(Caption-style text data)
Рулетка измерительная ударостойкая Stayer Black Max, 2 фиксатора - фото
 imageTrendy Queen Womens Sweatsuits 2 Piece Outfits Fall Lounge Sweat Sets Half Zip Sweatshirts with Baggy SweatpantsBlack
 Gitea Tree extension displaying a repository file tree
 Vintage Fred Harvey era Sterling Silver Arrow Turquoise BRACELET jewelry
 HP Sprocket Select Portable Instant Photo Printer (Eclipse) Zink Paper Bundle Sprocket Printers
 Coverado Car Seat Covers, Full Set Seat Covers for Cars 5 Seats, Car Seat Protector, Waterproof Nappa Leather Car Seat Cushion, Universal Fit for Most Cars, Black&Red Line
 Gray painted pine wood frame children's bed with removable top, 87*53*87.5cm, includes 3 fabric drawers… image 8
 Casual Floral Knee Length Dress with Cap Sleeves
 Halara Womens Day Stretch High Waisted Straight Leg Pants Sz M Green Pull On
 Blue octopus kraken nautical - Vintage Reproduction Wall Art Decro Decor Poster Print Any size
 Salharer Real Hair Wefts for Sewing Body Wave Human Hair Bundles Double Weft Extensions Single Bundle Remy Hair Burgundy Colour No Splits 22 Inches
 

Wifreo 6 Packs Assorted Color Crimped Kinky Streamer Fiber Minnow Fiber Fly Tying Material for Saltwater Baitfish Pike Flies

◆ Work to complete: Only a number is wanted here: the count of lines in the data that include the word "with".

◆ Completed task: 3